Dizem que tens um estilo de surf único; usas pranchas antigas, és muito criativo nas ondas e dedicas-te cada vez mais ao free surfing. Porque é que decidiste afastares-te da competição?
Quando somos novos pensamos muito na competição. Todos os meus amigos diziam que queriam ser campeões mundiais. Eu sempre adorei surfar e queria ter a certeza de que o poderia fazer a toda a hora. A única maneira de isso acontecer é estar nos campeonatos mundiais. Isto começou por ser um sonho inocente e, ao longo do tempo, tornou-se um plano e um objectivo muito reais. Competi entre os 12 e os 25 anos e aí só usava as pranchas mais modernas, que permitiam o melhor desempenho... E eu gostei dessa experiência.
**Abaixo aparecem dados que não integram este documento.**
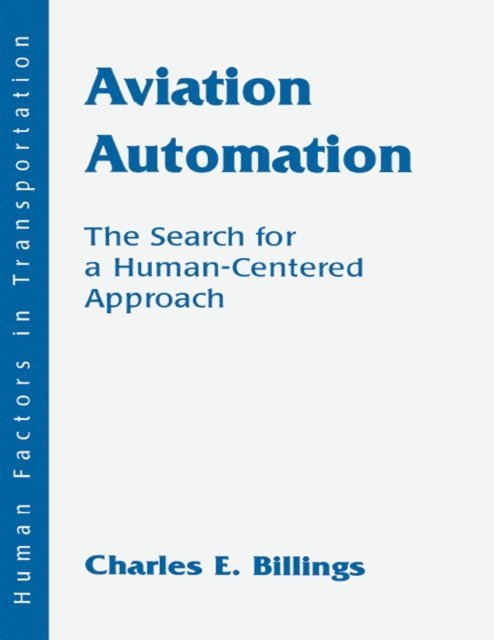 Charles E. Billings - Aviation Automation, E-bok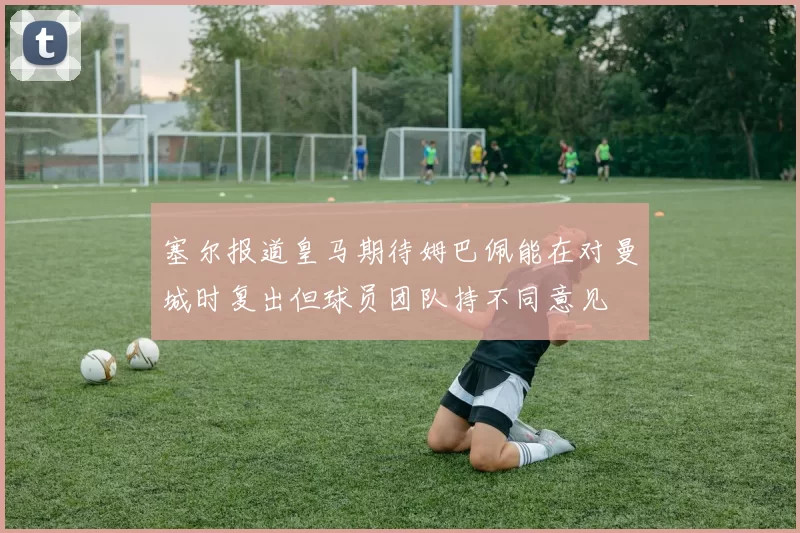 塞尔报道皇马期待姆巴佩能在对曼城时复出但球员团队持不同意见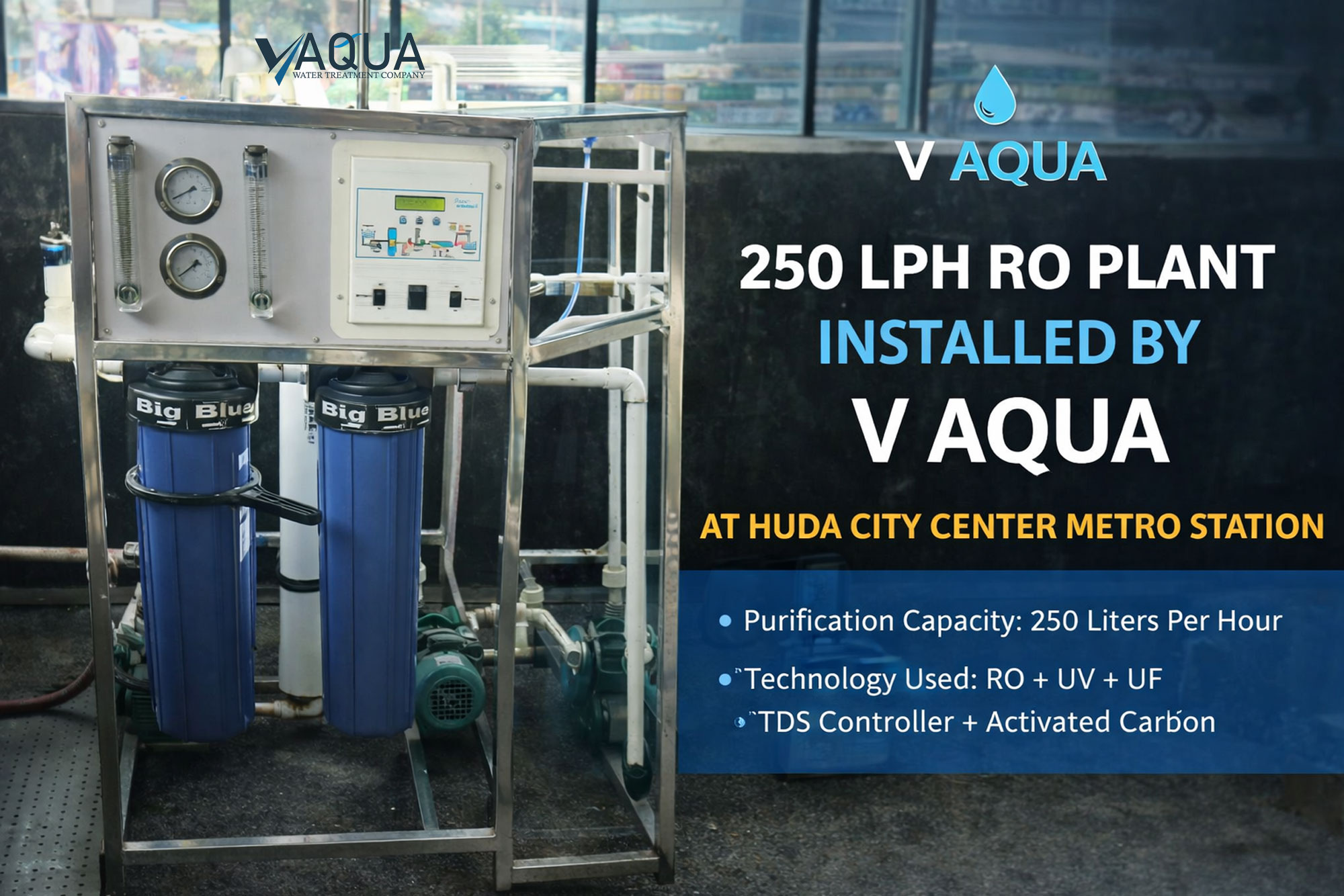 250 LPH RO Plant Installed at Huda City Center Metro Station by V Aqua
Mas quando estava no campeonato mundial, no top 34, fiz uma viagem de surf onde experimentei surfar em diferentes pranchas. E foi a primeira vez que senti que estava mesmo a divertir-me. Acho que foi isso que me fez parar de competir e começar a fazer o free surfing porque queria explorar o lado mais criativo de estar em cima da prancha.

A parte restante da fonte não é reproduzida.